In fact, lots of the terms we use for this sordid world of embarrassment come from our past. Those who misbehave are ‘pilloried’. Twitter mobs – like the revolting peasants of old – reach for their ‘pitchforks’. We have ‘witch-hunts’.
There’s at least one big difference, though.
In the past, the job of exposing and punishing of sexual immorality was one for Church and state. Now, we’re civilised enough to leave it to tabloid journalists.
Up to the 17th century, in fact in some areas well into the 18th, there were specific law courts which dealt with cases of sexual ‘immorality’. These were the Church Courts.
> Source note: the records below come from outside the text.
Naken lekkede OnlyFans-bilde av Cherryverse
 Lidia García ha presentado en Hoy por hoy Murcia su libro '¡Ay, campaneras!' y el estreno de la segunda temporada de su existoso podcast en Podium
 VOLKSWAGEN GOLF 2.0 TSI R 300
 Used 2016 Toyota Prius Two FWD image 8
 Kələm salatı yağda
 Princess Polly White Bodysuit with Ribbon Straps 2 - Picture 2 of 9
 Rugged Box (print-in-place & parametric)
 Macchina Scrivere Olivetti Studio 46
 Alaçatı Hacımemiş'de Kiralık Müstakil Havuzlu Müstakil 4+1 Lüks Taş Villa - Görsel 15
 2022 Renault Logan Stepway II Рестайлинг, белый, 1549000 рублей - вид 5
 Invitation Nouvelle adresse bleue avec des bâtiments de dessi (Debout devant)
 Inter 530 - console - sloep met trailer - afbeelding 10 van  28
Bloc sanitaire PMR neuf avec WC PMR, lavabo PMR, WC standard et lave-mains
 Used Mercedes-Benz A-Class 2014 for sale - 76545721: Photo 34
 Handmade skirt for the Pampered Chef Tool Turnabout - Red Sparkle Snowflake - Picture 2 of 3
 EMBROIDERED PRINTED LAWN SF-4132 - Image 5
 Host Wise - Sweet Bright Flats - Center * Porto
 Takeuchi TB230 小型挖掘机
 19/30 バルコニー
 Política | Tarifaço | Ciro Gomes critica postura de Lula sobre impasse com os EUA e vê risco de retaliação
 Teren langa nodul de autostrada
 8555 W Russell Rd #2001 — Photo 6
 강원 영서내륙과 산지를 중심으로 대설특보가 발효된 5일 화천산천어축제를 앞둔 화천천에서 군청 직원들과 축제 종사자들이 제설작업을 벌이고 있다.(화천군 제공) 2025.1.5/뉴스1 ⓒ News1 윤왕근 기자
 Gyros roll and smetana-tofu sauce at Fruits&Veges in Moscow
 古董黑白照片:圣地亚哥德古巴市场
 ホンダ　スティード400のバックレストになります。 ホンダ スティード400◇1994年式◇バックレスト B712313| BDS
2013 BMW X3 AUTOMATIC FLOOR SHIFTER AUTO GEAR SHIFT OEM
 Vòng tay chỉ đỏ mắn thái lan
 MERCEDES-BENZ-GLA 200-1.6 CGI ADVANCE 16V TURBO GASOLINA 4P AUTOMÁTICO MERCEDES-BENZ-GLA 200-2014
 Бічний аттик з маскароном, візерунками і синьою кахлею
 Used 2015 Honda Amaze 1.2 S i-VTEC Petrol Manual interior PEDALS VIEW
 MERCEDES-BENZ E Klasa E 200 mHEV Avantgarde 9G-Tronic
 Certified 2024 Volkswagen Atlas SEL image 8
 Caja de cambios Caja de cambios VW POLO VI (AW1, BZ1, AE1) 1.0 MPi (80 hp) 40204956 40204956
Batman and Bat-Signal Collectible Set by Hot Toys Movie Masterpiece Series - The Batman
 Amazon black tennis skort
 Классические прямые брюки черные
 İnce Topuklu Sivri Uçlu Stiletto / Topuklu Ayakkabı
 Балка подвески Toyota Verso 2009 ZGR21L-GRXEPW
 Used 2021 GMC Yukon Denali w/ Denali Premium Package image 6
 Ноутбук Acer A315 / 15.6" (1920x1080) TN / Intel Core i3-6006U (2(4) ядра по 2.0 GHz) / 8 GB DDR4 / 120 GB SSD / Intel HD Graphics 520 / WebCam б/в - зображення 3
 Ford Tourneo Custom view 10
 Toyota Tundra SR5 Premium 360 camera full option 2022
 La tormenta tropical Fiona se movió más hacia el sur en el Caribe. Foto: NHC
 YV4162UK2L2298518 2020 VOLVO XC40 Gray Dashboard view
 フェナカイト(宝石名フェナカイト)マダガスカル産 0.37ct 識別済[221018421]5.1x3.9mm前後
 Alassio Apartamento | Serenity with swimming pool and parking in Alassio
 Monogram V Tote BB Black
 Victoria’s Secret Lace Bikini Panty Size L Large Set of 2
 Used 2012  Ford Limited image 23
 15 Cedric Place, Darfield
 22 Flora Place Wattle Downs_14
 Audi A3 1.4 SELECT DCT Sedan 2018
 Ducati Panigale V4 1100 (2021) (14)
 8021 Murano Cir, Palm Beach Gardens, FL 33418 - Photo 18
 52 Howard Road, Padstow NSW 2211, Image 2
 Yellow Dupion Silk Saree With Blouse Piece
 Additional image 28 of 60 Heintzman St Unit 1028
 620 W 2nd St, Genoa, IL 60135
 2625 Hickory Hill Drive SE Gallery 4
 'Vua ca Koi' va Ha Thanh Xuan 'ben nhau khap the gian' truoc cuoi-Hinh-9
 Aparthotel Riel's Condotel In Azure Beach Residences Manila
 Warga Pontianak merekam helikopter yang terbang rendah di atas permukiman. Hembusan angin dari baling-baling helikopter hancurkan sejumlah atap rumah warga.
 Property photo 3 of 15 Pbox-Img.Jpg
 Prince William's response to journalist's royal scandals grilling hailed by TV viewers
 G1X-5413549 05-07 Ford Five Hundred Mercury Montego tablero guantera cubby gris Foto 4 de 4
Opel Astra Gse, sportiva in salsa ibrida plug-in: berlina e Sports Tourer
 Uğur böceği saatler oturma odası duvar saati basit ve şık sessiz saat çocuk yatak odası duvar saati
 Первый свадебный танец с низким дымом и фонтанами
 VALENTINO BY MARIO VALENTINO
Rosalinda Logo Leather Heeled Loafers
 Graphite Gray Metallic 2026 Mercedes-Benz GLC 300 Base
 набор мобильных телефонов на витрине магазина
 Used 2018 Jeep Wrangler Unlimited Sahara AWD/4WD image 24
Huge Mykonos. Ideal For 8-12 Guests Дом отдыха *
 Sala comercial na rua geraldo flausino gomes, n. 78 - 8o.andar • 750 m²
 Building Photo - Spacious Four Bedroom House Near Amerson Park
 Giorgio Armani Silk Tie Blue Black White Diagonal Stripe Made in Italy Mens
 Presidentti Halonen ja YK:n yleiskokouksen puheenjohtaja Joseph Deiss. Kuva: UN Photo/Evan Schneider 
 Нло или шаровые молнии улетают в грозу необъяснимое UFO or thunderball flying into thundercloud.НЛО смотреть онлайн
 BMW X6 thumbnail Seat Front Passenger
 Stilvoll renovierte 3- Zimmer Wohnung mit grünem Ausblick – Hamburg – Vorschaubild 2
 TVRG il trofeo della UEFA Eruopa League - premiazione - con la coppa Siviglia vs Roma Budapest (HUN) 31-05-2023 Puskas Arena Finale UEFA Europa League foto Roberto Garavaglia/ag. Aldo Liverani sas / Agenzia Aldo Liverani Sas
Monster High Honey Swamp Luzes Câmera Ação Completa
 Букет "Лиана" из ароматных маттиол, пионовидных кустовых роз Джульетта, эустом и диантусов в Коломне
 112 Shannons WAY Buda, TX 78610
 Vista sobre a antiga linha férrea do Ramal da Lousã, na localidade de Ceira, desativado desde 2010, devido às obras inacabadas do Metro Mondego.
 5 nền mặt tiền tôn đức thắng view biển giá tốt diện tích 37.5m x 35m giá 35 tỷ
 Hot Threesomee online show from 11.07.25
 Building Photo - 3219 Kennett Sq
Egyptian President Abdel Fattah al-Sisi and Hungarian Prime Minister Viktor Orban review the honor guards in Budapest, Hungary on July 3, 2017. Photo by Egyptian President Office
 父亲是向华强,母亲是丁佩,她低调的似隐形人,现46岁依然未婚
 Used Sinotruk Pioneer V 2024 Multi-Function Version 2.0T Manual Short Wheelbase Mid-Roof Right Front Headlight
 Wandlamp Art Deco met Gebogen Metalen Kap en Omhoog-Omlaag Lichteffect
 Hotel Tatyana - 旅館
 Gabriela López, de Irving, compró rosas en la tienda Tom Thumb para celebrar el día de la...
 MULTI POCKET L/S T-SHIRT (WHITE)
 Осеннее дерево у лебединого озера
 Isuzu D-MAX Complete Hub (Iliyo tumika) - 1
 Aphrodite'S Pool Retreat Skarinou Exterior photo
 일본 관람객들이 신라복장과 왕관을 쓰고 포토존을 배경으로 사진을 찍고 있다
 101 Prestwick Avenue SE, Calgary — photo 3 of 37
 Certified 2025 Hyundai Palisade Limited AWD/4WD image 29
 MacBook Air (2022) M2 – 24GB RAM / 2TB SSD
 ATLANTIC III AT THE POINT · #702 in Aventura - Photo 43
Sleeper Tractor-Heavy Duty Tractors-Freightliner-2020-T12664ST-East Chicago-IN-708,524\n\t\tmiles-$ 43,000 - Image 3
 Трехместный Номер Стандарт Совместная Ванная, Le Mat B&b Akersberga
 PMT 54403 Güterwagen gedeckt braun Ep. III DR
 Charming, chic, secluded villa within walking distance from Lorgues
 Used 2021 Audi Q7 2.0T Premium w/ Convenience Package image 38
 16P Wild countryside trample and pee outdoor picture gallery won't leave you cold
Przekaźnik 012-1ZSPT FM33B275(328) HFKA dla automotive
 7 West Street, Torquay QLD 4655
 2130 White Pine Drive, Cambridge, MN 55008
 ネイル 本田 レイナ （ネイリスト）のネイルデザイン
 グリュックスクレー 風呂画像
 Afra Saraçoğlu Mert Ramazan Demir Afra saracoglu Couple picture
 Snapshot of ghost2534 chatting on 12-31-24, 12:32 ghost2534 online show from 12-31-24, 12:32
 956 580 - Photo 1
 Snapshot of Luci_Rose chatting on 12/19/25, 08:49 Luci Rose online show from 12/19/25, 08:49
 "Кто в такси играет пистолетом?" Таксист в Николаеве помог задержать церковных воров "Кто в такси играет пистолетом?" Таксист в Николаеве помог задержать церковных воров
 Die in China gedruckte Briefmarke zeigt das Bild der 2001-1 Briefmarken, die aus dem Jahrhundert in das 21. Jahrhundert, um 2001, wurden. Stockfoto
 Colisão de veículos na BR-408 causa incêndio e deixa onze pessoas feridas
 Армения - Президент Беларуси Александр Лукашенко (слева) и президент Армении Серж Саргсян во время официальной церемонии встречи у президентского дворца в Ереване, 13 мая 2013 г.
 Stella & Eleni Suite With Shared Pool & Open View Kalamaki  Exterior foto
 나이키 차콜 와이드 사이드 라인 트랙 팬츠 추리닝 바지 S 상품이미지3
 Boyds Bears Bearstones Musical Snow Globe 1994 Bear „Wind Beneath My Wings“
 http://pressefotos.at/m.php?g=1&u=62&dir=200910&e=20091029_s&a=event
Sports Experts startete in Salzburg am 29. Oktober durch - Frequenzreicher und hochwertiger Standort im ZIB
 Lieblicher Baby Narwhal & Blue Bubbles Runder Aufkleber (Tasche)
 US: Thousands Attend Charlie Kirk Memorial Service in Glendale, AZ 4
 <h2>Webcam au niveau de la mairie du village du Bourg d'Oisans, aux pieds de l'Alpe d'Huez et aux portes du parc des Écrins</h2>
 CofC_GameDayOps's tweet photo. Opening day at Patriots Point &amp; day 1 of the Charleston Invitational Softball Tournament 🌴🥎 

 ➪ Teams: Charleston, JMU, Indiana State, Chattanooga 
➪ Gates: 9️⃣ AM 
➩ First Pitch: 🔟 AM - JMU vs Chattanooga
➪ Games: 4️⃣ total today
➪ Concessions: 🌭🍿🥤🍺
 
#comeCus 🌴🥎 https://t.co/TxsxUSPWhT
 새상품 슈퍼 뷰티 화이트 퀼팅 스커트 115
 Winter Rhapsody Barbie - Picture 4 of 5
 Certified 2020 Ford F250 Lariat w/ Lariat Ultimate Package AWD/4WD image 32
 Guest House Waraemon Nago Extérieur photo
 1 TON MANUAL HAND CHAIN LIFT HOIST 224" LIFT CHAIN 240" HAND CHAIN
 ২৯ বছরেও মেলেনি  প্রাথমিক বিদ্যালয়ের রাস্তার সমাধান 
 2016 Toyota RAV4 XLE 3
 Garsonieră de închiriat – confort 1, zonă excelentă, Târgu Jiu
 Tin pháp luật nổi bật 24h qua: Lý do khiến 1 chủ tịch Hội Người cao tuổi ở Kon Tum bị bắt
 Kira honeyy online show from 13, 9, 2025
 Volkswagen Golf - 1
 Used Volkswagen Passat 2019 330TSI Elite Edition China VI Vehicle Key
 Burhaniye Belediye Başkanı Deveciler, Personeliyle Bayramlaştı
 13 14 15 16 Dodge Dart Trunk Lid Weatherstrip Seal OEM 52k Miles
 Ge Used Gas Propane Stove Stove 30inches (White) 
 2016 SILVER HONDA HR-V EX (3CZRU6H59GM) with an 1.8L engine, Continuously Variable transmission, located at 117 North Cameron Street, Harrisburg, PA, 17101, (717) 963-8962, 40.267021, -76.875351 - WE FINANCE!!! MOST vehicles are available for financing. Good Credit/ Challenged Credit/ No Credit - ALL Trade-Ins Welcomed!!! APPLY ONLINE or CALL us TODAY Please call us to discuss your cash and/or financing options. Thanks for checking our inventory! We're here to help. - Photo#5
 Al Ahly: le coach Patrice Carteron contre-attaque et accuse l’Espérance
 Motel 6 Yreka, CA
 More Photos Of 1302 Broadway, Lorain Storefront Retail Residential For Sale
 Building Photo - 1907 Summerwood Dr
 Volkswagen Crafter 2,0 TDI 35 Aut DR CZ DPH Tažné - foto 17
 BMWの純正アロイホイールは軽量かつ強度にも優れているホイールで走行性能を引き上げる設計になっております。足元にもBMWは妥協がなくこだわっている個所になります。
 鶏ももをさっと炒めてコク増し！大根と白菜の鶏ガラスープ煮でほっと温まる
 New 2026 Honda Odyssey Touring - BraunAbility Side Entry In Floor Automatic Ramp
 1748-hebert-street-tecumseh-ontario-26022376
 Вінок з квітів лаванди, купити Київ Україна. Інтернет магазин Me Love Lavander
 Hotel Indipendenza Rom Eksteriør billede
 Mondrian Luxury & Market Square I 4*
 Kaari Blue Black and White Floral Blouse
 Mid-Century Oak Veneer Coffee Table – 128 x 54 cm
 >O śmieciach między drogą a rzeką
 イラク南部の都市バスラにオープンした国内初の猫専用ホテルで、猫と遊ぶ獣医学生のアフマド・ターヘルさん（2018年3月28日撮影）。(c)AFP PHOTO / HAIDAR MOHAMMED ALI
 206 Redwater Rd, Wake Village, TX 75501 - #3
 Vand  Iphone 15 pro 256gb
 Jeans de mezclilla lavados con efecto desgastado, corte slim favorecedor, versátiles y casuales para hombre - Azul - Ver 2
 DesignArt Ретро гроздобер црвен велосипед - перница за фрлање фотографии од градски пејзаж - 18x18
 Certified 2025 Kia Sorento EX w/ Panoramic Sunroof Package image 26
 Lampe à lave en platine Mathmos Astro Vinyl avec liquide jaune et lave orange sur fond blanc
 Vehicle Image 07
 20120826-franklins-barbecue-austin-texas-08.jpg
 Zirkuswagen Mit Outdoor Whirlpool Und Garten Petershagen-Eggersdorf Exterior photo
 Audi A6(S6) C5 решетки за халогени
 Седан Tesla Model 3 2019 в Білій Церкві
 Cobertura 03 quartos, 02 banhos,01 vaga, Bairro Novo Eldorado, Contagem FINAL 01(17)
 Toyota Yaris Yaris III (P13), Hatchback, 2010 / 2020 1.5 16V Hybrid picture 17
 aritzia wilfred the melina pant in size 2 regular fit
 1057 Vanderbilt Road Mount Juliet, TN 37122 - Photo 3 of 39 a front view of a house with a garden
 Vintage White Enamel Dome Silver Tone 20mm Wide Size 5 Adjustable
Under the control of the bishops, the Church Courts were there to uphold canon law. This was a pretty complex mandate. They had a civil side, which heard suits about marriage (they could, for example, grant a form of separation) and defamation, as well as probate cases.
But they also had a disciplinary side, which upheld the dignity of the Church, the dignity of churchmen, and the morals of the laity.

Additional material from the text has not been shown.